Home & Discovery – TripAdvisor

My Role: Lead Designer
Team: Eight Engineers, Four Product Designers, Two Product Managers, Head of Product
Timeline: 12 months from discovery/research to launch

While collaborating with all five product pillars, a machine learning team, and the head of product, we built an engaging way for travelers to discover new places directly from their homescreens. We drove ~2.5% more hotel bookings and ~4% more restaurant reservations.




While I was at TripAdvisor, one of the largest pain points for customers was searching for and discovering content.

They often found it hard to find what they needed. The application's information architecture was fraught with navigational blackholes that were hard to recover from. And TripAdvisor's hotel, attractions, and restaurant bookings were of the utmost importance to the business's bottom line.

We needed to provide a better platform for customers to find what they need and what they didn't know they needed through machine learning and data science. This was a nearly year-long reimagining of home, search, and discovery.

My team, the mobile product group, gathered business and product requirements from the core verticals (hotels, restaurants, flights, vacation rentals, attractions, and search).

I collaborated with another designer and three product managers throughout the year. We conducted user interviews and usability tests with customers, built prototypes, and iterated on designs every week. To help drive the initial direction, we piggy-backed off a series of tests we had done with personalization of results.

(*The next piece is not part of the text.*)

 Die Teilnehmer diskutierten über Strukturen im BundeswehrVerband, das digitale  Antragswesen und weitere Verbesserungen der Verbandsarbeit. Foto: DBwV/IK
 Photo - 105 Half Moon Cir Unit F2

We coordinated with product and engineering to lay out a roadmap, build it in phases, and roll out to limited segments of our audience to monitor performance. Through this phased approach, we were able to learn through following the data and listening to our customers.






After a year, we built a fully immersive home experience that grounded the customer in their travel destination and provided relevant, contextual content.

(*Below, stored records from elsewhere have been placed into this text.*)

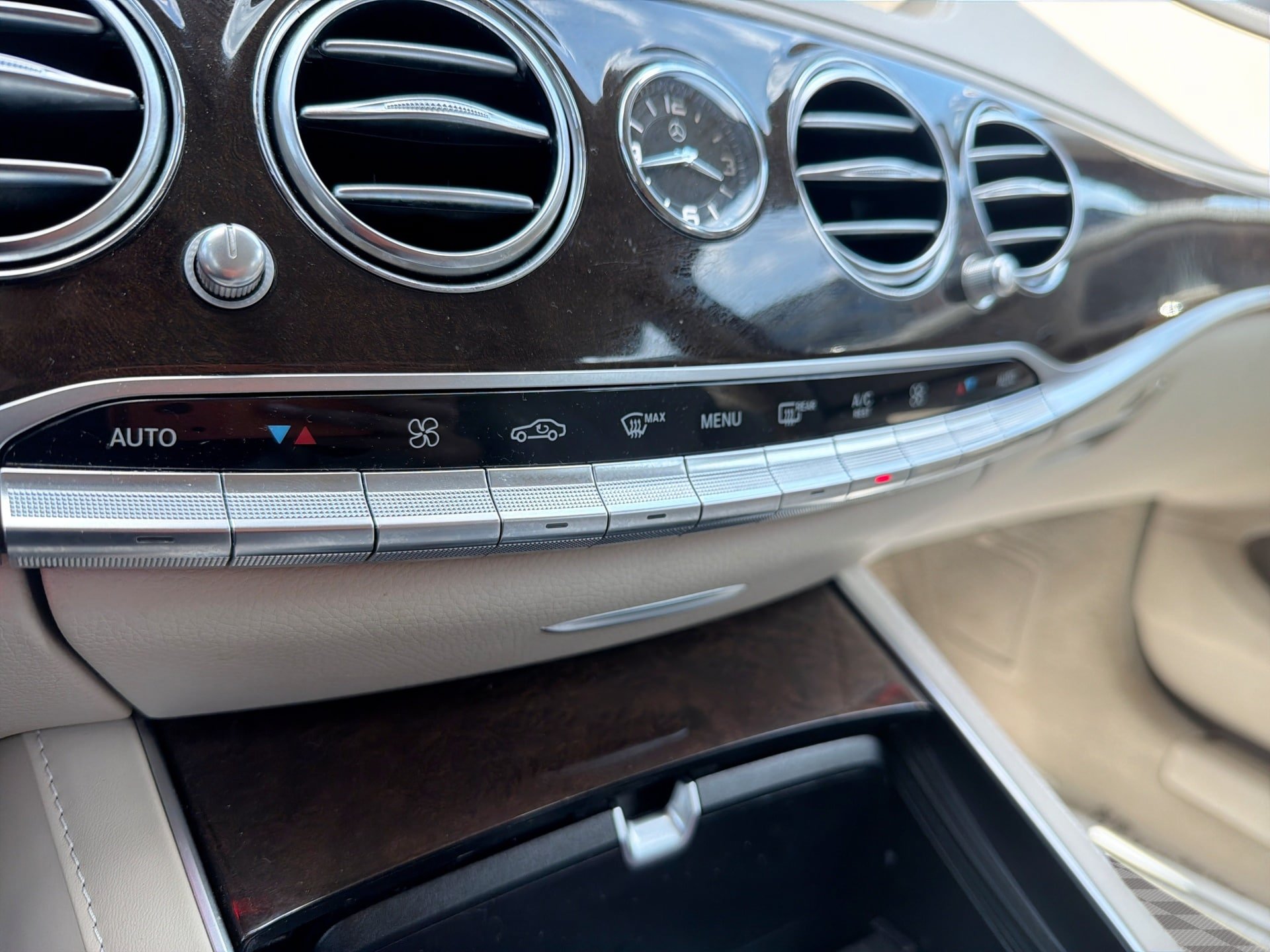 Used 2015 Mercedes-Benz S 550 4MATIC Sedan image 17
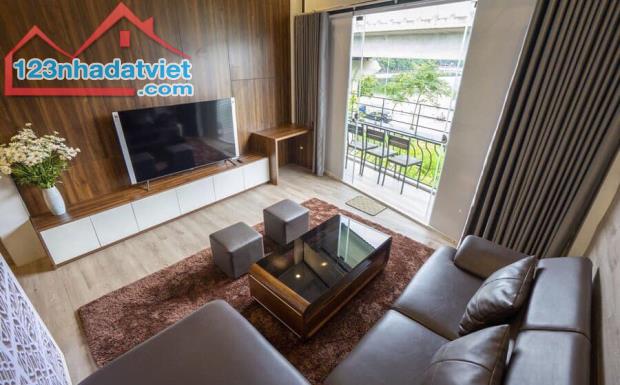 Bán gấp, hạ chào 1 tỷ! Mặt phố Hoàng Cầu, kinh doanh sầm uất, vỉa hè rộng, view hồ. - 2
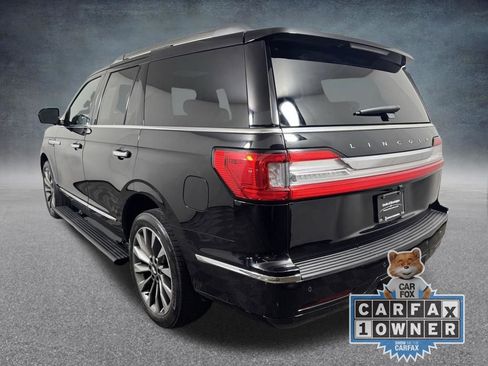 Used 2019 Lincoln Navigator Select AWD/4WD image 4
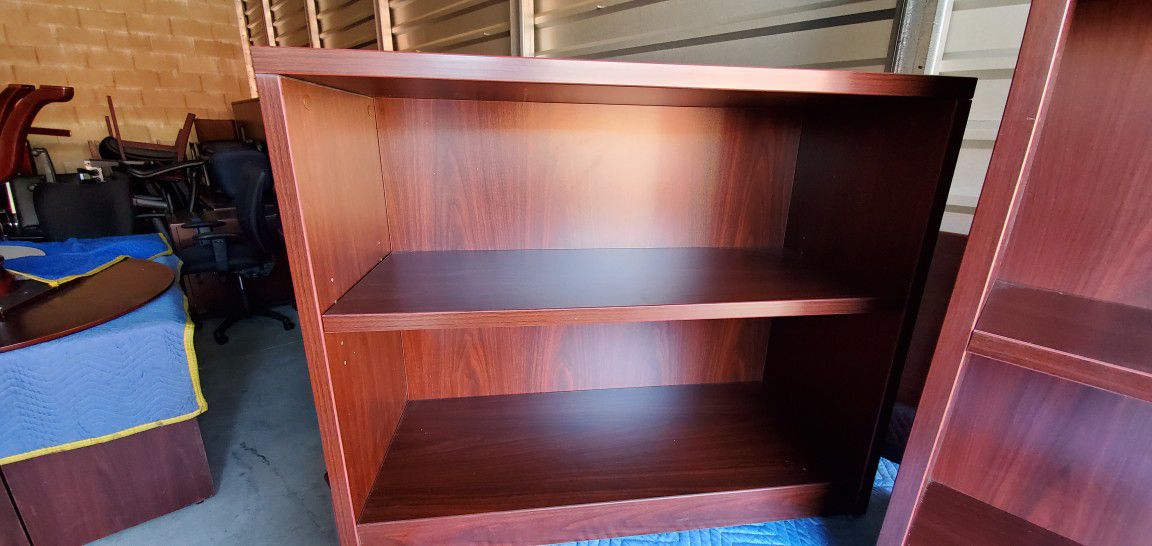 Wood bookshelf with 2 shelves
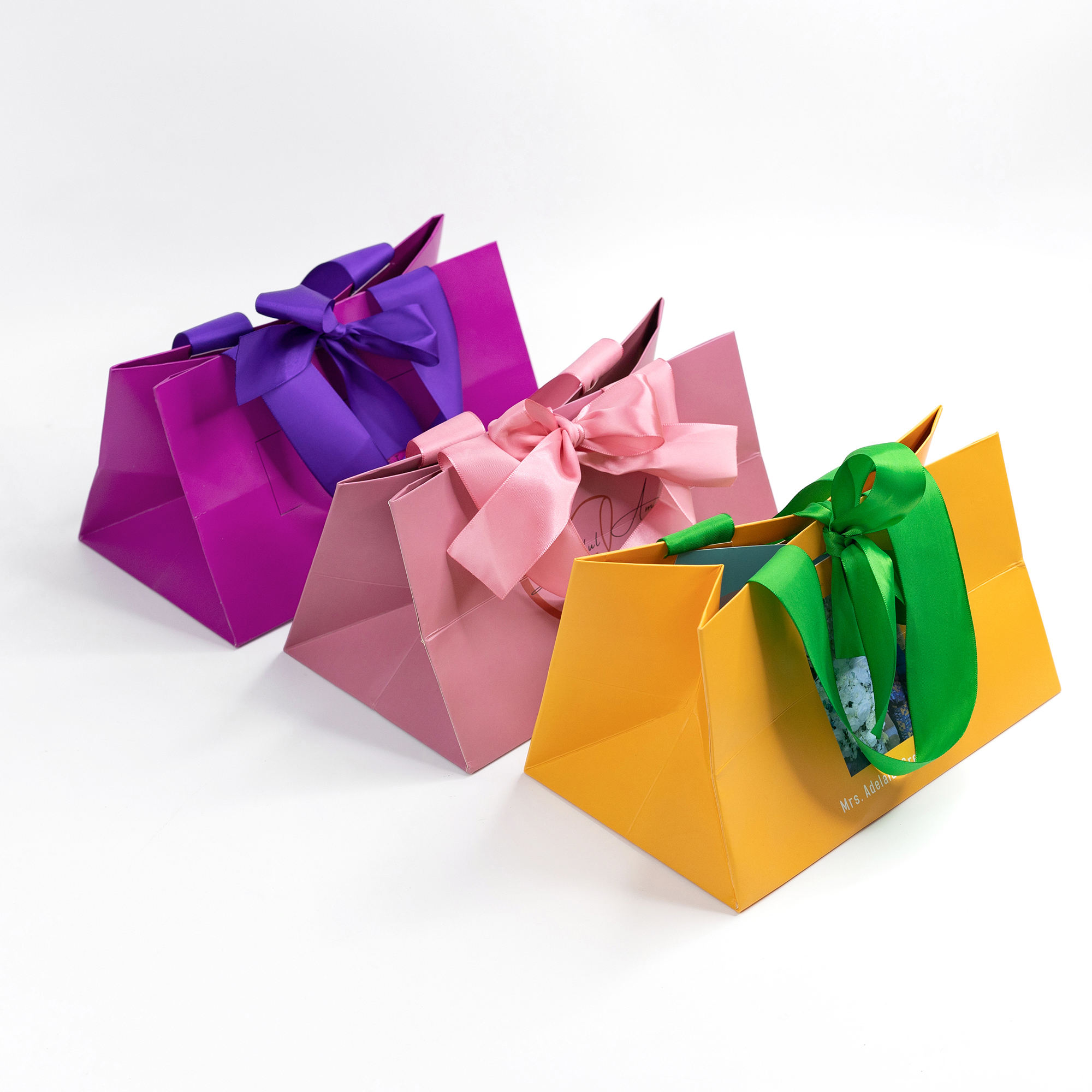 ด้านล่างกว้าง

The information and results displayed changed with user input (e.g. "I'm traveling to Los Angeles on these dates") or location detection (e.g. we know the customer is at home in Oakland, so show this relevant content). We also used this as opportunity to show sponsored and recommended content through machine learning.

I built a simple prototype in Principle to design some interaction and animation ideas, as well as do some light usability testing during one of the iterations. The final delivered product was altered slightly from this.

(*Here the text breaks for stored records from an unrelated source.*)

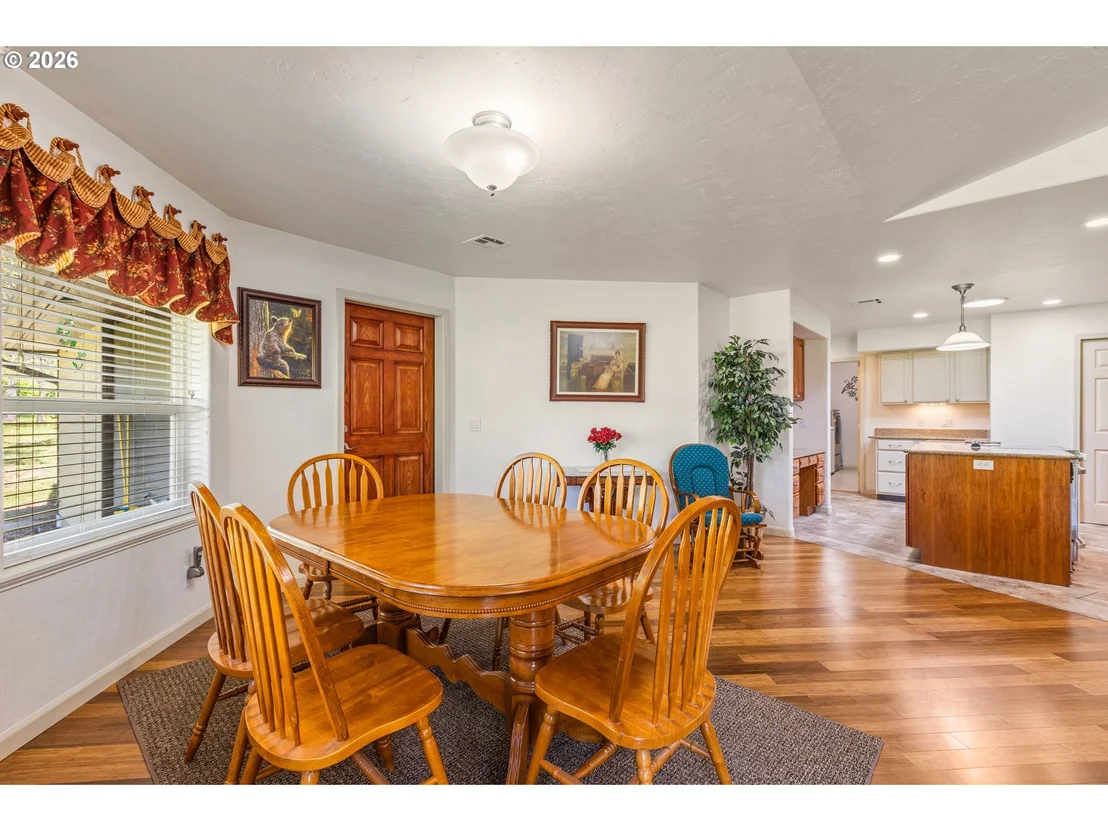 Photo of 757 ECHO DR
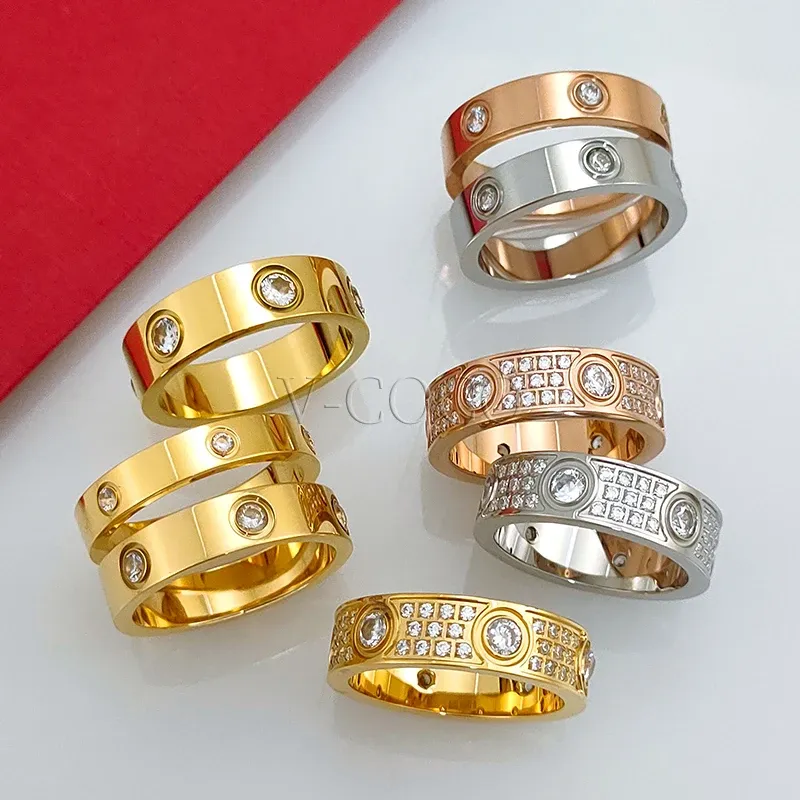 Klasyczny pierścionek miłosny dla kobiet Para 18 -karatowe złoto plisowane stali nierdzewne pierścionki kryształowe sześcienne cyrkon obrączka luksusowa biżuteria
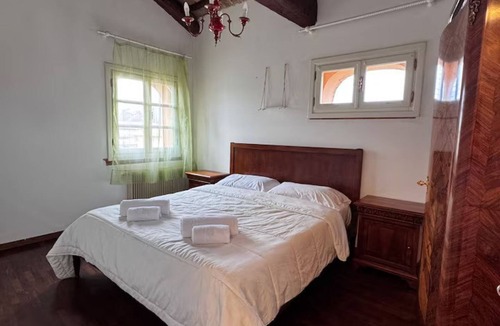 Bassano del Grappa Bed & Breakfast | Stylish room with gym and parking in Bassano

Designing and shipping this homescreen was a long and arduous process that yielded great results.

We saw a lift of ~2.5% in hotel bookings, ~4% in restaurant reservations, and ~3.5% in attractions bookings. Weekly active users and average session lengths also increased significantly from the previous generation of the home page.

I learned three things:

  1. 1. That while personas are a great tool, they're not the end all be all for deciding what customers need. We found conflicting goals and hybrids of our personas.
  2. 2. That coordinating a project at this scale needs a single decider. We had too many cooks in the kitchen at first.
  3. 3. The average American traveler takes two big trips a year, and a vast majority need help deciding where to go.